女優、シンガー。イングランド北西部、チェシャー出身。ロンドン・カレッジ・オブ・ミュージックで演劇を学び、卒業後はミュージカルを中心に舞台で活躍。英国内のディズニーミュージカルに出演、2015年には「オズの魔法使い」主役のドロシーを演じる。同年より、香港ディズニーランドのプリンセスキャストとして勤務。2016年に帰国後は、TVやCMを中心に俳優業を邁進。写真では、アリアンさんがロンドン市にある「かつて100」という日本のお茶を扱うカフェで抹茶を楽しんでいます。
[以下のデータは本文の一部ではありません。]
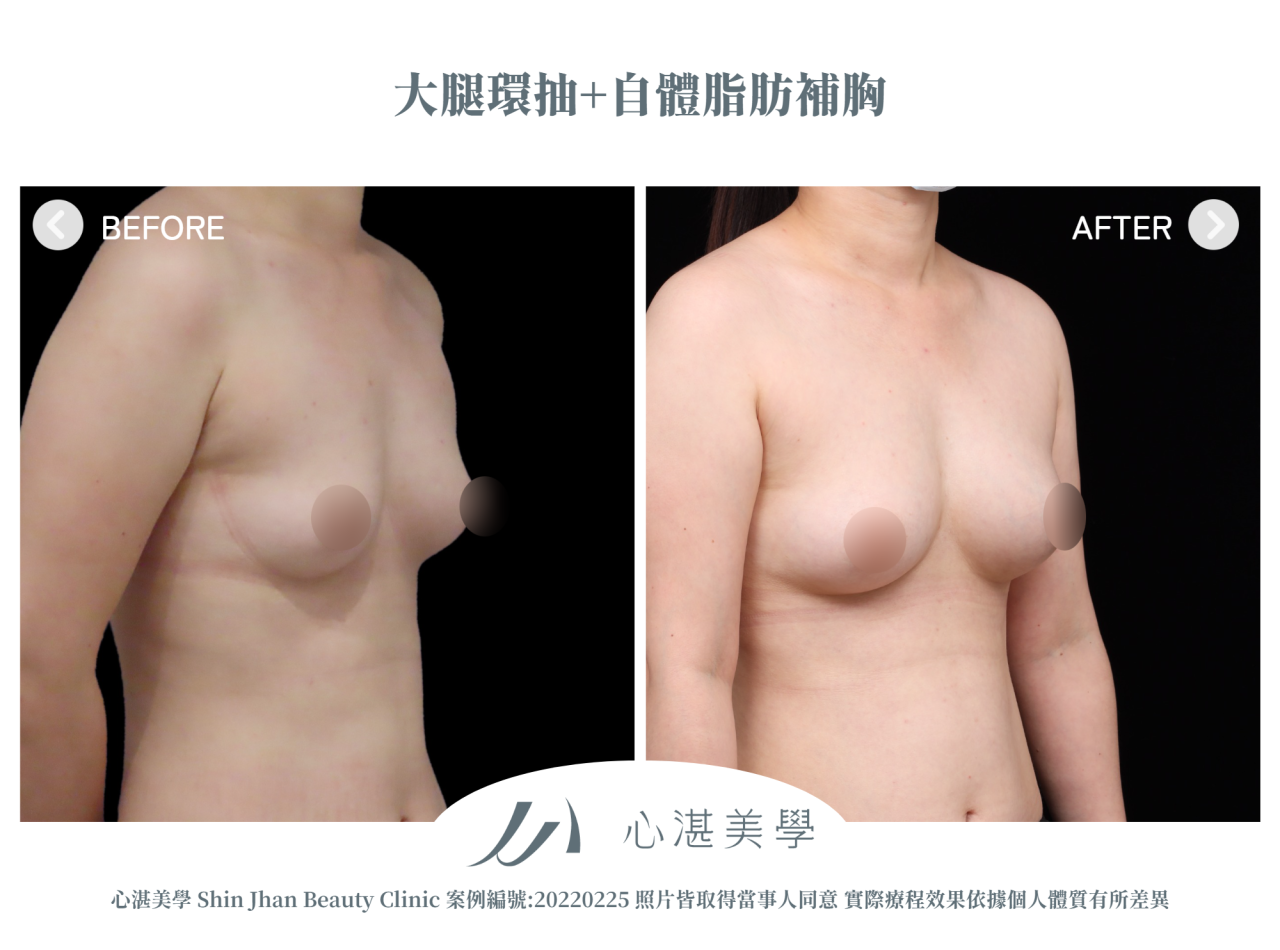 大腿環抽+自體脂肪補胸 術前術後案例分享
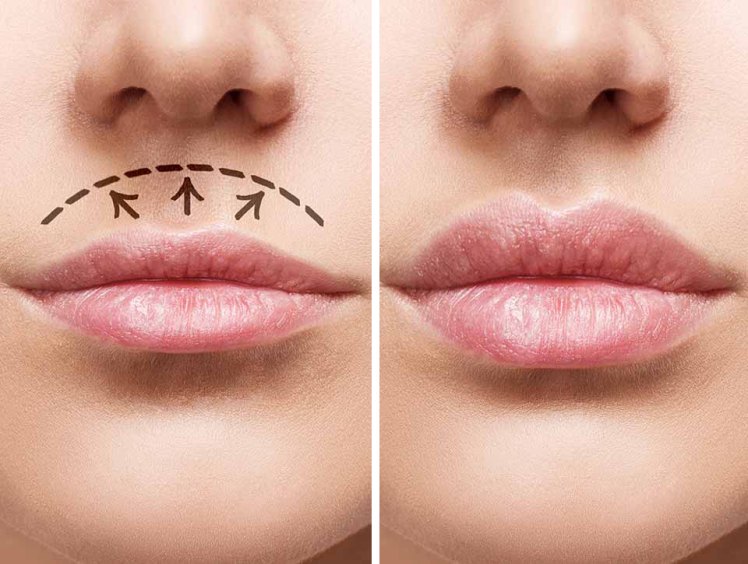 لیفت سانترال لب چگونه به برجسته شدن لبها کمک میکند؟ + جزییات آن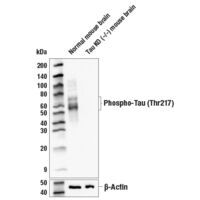Western blot analysis of extracts from normal mouse brain and Tau KO (- /-) mouse brain tissue using Phospho-Tau (Thr217) (E9Y4S) Rabbit mAb or β-Actin (D6A8) Rabbit mAb #8457.
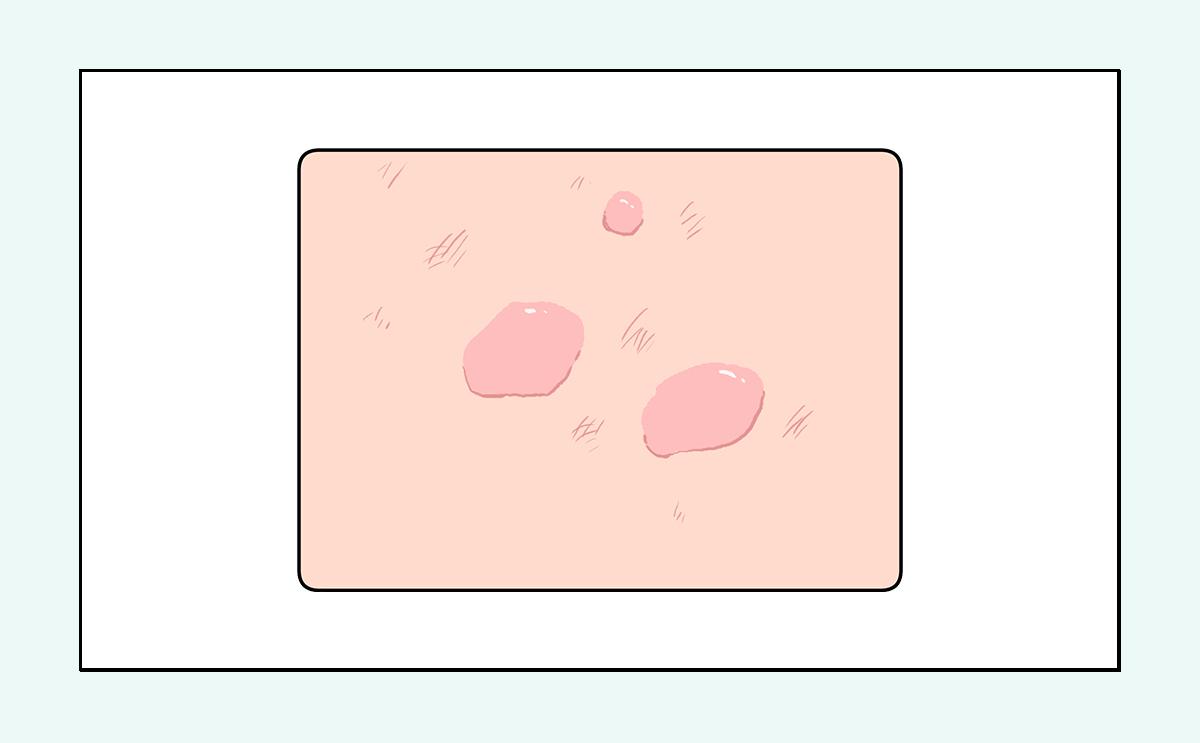 脸上的红疙瘩痒,脸上的红疙瘩用什么药膏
初めて抹茶を口にしたとき、その予期せぬ苦味に思わずうめき声がこぼれた。お行事は、けしてよくなかっただろう。でもお茶を点ててくれたお店の方は、優しく笑って、甘いお菓子を勧めてくれた。ベビーピンクの、お花の形をした小さな和菓子。「それを食べたら、抹茶がとても美味しい飲み物に変わった気がした」とアリアナさんは言う。

 

子供の頃からミュージカルが大好きで、女優になると決めていた。年の近い弟にドレスを着せて、プリンセスたちのお茶会シーンを、幾度も一緒に演じさせたという。その経験が生きたのか、演劇学校を卒業すると、シンデレラやアラジンなどディズニーミュージカルで役を射止め、ついには香港ディズニーランドでプリンセスを演じることに。一年半の香港滞在中に、三週間の日本旅行へ出かけた。前述の抹茶体験もその時のものだ。「お茶会の体験はもちろん、お寿司、ふわふわのかき氷、自分で作るお好み焼き。日本で出会った美味しくて、かつ美しい食べ物を数え上げたらきりがありません。それは美味しいだけでなく、器やしつらえ、その色使いや手ざわりにまで、細やかなこだわりが感じられました。お茶のためだけに作られた茶室(!)、そして様々な茶の湯道具。素敵な茶器と共に、お茶の時間を楽しむことはイギリス人にも共通しますが、こういった様式美を大切にする日本の文化は、新鮮でとても興味深く感じました」

 

「茶ガールの休日」は、茶道のお作法に興味を持ちつつ、しかし敷居の高さを感じていたアリアナさんにとって、自由に自分らしくお茶を楽しむことを改めて教えてくれた。洋風な紅茶の茶器と、日本で買った急須や湯のみも気分でミックス。抹茶が苦く感じられる日は、ひとさじの蜂蜜を加えてスイートに。自分なりの感性でお茶の世界を楽しむようになったという。「実家では、母が自慢のハーブガーデンからミントやタイムを摘んできて、美味しいハーブティーを入れてくれるのですが、今度はぜひ、この本で紹介されている手順に従って、母にお抹茶をたててあげたいですね。お茶の時間のおしゃべりが、ますます弾むと思います」

茶ガールの休日

わび、さび、かわいい 茶道の世界が身近に感じられる、お茶好き女子必見のかわいい教科書

素敵なお茶碗や、お道具、テーブルセッティングの写真は見ているだけでわくわくします。季節に合わせて茶器をコーディネートしたり、和洋折衷のハーモニーを楽しんだり、自分なりにお茶の時間を工夫する新しいアイディアに溢れているところがお勧めですね。必要最低限のお道具リストや、抹茶の点て方など、基本的な情報が丁寧に解説されているところも心強いです。